Editor’s Note: Lennard Zinn’s regular column is devoted to addressing readers’ technical questions about bikes, their care and feeding and how we as riders can use them as comfortably and efficiently as possible. Readers can send brief technical questions directly to Zinn.
Does bike weight really matter?
I’m about to invest in a better bike now that I’m taking riding more seriously, and I’m looking at the different options depending on the frame materials.
I happen to be an engineer, so I wondered how much bike weight actually matters when climbing. Say that I’m going up a climb that can be as steep as 20 percent in a given moment, the role weight plays can be calculated using basic math (see the graph, where w= bike weight and d= weight drag, as if someone is pulling you from behind the bike).
The actual weight drag difference between a heavy steel bike (like mine, at 29 pounds) and a top of the line “lightweight” carbon fiber bike (say 17 pounds?) is actually just a couple pounds, and in a very steep climb. In lower grade climbs the weight drag is just a fraction of a pound.
So… unless a rider is planning to lift the bike over his/her shoulders, I don’t see the extra $2K investment justified in the bike weight alone. (I can just carry less water when climbing.) I guess inertia plays a role in competitive situations (a lighter bike helps provide faster acceleration… I guess we can calculate if this actually matters as well!!).
Every place I look recommends “getting a lighter bike if you live in a mountainous area.” Is this a myth or am I overlooking anything?
The lighter bike will climb faster if you put out the same power. Whether the amount faster it is matters enough to you to spend the big dollars is the question.
Here’s an experimental measurement of the effect of adding 1/3 as much weight as you’re talking about (four pounds vs. 12 pounds) to a bike and riding up a big climb, namely l’Alpe d’Huez. In this experiment, the extra four pounds added one minute to the rider’s time, which was around 50 minutes, so it made him about two percent slower. So tripling that to get your 12-pound heavier bike would be six percent slower.
Here’s another one. On a hilly loop course, a 20-pound weight difference in bikes yielded a 13.6-percent drop in speed. Extrapolating that to your 12-pound weight difference, you’d be looking at an eight-percent speed loss.
Personally, I would find a six-percent or eight-percent speed loss to be rather unbearable, but if you don’t care about that, then no need to spend the extra money.
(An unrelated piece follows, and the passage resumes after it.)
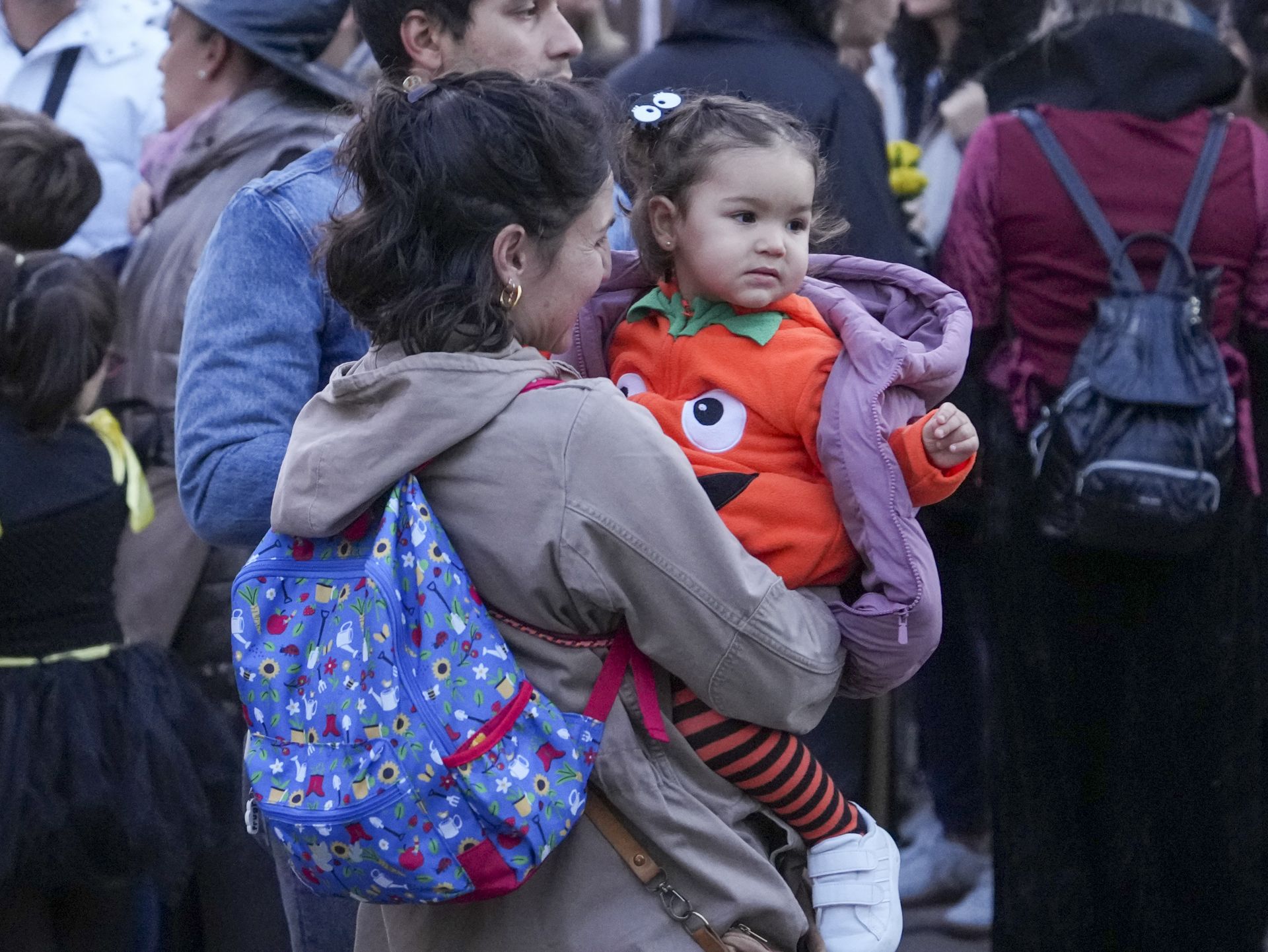En imágenes el desfile de Halloween en Los Santos Pilarica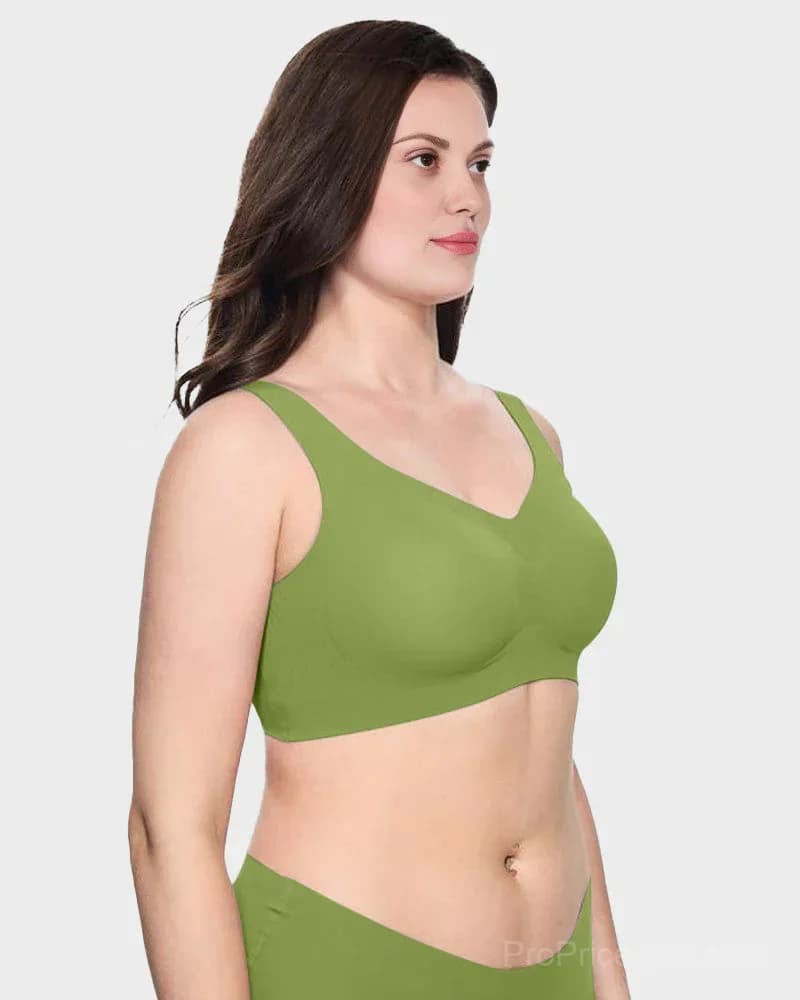 Women's Wire-Free Lifting Antibacterial Jelly Bra - View 12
I have to tell you that you really dropped the ball on your stack and reach article. There are so many flaws in it I just don’t know where to start, but the biggest flaw (other than the fact that the article is written by a clueless idiot that hasn’t got a prayer) is that bikes are not identical. Your so-called reference point of backing a bike up to a wall works fine if you are measuring identical bikes like a Madone 5.0 to a Madone 5.0, but when you start to measure between brands or even different bikes from the same maker your theory falls completely apart. Things like rim height, tire height, and chainstay/seatstay length can and do vary from bike-to-bike, especially between brands, and that variance can be between one-to-two centimeters, which tosses consistency (and your entire method) right out the window.
For someone who is so hot and such an authority on all things cycling I am really surprised that you would put your name on such a fairy tale, but maybe you have become a victim of your own publicity and you think that being Leonard Zinn of Velo Snooze [sic] makes you immune to mistakes. Guess what? It doesn’t.
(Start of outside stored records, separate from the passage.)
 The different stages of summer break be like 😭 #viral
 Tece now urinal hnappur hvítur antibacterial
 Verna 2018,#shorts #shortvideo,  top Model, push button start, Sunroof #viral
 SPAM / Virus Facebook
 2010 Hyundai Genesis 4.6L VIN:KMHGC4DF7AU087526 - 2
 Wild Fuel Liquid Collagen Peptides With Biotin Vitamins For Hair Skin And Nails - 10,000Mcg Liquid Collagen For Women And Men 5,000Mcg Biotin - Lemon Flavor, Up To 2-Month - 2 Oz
I think at the very least you owe the readers of Velo Snooze [sic] a printed and public apology for you screwing the pooch on this one. In the future if you ever want to verify one of your half-baked pipe dreams before you go publishing it and making a fool of yourself, run it by me first, I’ll help you out.
Boy, I’m going to hightail it right down the Sarasota to take advantage of your kind and thoughtful offer; no telling what I could learn from you! Bikes of different brands are different and have different measurements? Well, I’ll be…
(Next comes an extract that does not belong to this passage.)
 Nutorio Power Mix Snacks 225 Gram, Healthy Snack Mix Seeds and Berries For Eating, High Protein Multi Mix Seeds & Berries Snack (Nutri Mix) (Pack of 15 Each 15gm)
Apparently, the point of taking X-Y measurements this way escaped you. I’ll attempt to clarify it, if for no other reason than that other readers less endowed with your eloquence might have also misunderstood.
The point of the whole stack and reach measurement exercise is to set up a two-dimensional coordinate system within which you can compare different bikes (yes, even bikes of different brands!). The origin of that coordinate system is the center of the bottom bracket. When you take a vertical measurement up from the floor, it does not become a stack (Y) measurement until you subtract off the bottom bracket height (floor to center of bottom bracket measurement). Similarly, when you take a horizontal measurement from the wall, it does not become a reach (X) measurement until you have subtracted off the horizontal measurement from the wall to the center of the bottom bracket.
Believe it or not, David, subtracting the distance to the bottom bracket from the wall and from the floor actually allows you to compare bikes that do vary in all of those things you mentioned, “like rim height, tire height, and chainstay/seatstay length.” Creating this X-Y coordinate system with the bottom bracket as the origin allows you to ensure that the two bikes you are comparing have the saddle and handlebar in the identical position relative to the center of the crank.